Sudah hampir dua tahun aku bersekolah di sini, semuanya baik-baik saja, setidaknya untuk ukuran laki-laki semuanya normal, tetapi tidak dengan perempuan, aku sering sekali mendengar keluhan Li, Sa dan Ki tentang teman perempuan kami di kelas yang menurut mereka sangat menyebalkan.

Aku, sih, tidak terlalu ambil pusing yang penting aku bisa belajar dengan tenang dan memiliki ilmu sehingga bisa mencapai cita-citaku.

Entahlah, kadang aku juga tidak paham kenapa mereka senang sekali memikirkan kelakuan teman mereka, apalagi Li, dia menentang keras teman yang menyontek saat ulangan. Dia bahkan berani kalau sampai harus berbicara langsung di depan mereka meski dengan akibat ia dihindari penuh oleh teman sekelas, tetapi dia baik-baik saja.

Lain dengan Sa dan Ki yang memilih diam dan menghindar serta hanya mengeluh saja, Li dengan jelas justru menyatakan perang! Haha, alay!

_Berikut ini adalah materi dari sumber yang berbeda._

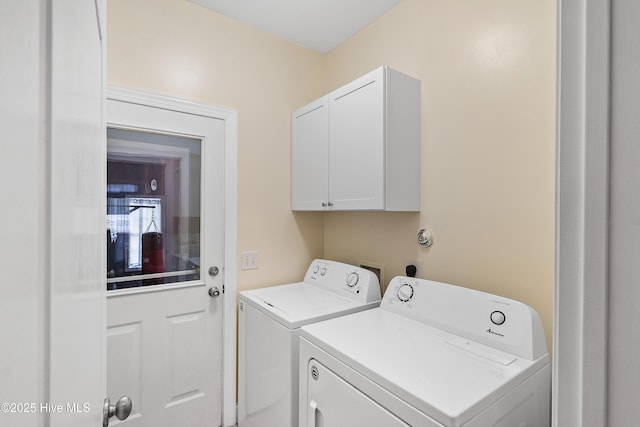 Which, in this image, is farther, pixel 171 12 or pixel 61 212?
pixel 171 12

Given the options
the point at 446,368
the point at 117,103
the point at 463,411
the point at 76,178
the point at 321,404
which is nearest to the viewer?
the point at 76,178

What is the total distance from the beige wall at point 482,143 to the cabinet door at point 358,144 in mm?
324

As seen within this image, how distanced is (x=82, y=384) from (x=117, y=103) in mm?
1643

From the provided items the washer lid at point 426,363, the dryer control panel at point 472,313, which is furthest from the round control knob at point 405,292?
the washer lid at point 426,363

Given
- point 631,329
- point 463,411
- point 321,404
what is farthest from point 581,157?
point 321,404

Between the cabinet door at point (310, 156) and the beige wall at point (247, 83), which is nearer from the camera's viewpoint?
the beige wall at point (247, 83)

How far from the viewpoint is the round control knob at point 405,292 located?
61.5 inches

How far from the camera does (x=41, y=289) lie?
0.95 ft

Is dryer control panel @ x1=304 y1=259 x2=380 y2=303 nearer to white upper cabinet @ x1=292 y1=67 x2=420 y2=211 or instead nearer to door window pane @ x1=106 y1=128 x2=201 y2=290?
white upper cabinet @ x1=292 y1=67 x2=420 y2=211

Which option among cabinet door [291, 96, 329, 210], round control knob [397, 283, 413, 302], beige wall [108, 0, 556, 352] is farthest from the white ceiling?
round control knob [397, 283, 413, 302]

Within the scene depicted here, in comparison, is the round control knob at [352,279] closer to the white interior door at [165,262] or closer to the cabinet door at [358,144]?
the cabinet door at [358,144]

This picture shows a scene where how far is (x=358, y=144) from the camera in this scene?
173 cm

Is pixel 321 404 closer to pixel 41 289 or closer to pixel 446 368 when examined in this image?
pixel 446 368

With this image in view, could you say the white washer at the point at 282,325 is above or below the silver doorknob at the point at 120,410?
below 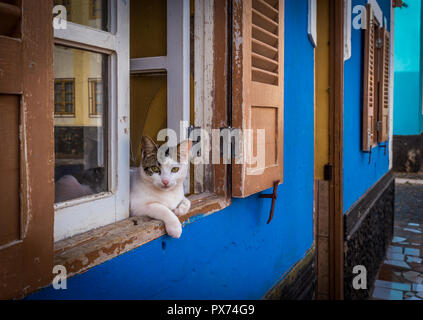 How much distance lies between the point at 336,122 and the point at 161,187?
2.24m

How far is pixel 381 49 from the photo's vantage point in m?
5.57

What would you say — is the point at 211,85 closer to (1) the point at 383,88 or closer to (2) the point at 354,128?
(2) the point at 354,128

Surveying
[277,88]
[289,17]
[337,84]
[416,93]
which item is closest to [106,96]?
[277,88]

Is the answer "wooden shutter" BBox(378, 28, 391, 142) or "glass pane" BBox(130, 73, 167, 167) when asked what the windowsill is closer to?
"glass pane" BBox(130, 73, 167, 167)

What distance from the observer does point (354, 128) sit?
416 centimetres

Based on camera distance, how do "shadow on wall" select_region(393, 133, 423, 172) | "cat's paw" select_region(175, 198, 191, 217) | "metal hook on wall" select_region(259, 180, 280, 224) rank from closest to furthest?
"cat's paw" select_region(175, 198, 191, 217), "metal hook on wall" select_region(259, 180, 280, 224), "shadow on wall" select_region(393, 133, 423, 172)

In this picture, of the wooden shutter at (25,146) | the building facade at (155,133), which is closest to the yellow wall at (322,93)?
the building facade at (155,133)

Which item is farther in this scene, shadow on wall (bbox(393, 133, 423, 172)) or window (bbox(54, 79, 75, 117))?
shadow on wall (bbox(393, 133, 423, 172))

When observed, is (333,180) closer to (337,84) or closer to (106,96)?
(337,84)

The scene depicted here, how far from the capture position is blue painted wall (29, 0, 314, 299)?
1.21m

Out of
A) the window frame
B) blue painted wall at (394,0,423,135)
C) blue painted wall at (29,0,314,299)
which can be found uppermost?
blue painted wall at (394,0,423,135)

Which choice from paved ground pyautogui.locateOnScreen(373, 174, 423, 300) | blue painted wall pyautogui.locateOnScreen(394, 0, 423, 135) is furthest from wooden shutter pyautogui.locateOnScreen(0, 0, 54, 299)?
blue painted wall pyautogui.locateOnScreen(394, 0, 423, 135)

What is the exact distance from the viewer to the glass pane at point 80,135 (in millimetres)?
1310

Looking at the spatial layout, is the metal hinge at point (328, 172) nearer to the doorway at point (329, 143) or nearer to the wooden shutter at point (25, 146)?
the doorway at point (329, 143) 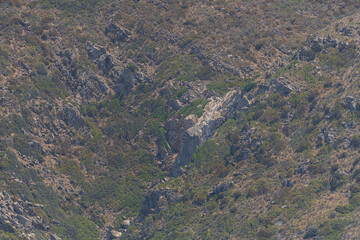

Aku kadang berpikir apa Li tidak takut jika suatu hari nanti ada akibatnya terhadap belajarnya? Namun, Li sendiri keliatan sangat cuek. Jadi, ya sudah lah, biarkan saja ia.

Dan ya, di penghujung tahun kedua ini, seperti adat dan tradisi yang ada, akan diadakan ujian kenaikan kelas, beberapa guru membagikan kisi-kisi ujian. Dengan senang hati aku mengerjakan itu semua.

Tetapi kali ini ada yang lain, tiga cewek itu ingin ikut bersamaku mengerjakan bersama. Aku setuju saja karena itu artinya kami bisa berbagi nomor soal dan lebih cepat selesai .

Maka sesuai kesepakatan di ujung minggu nanti tepatnya hari sabtu, kami akan berkumpul bersama untuk mengerjakan kisi-kisi itu.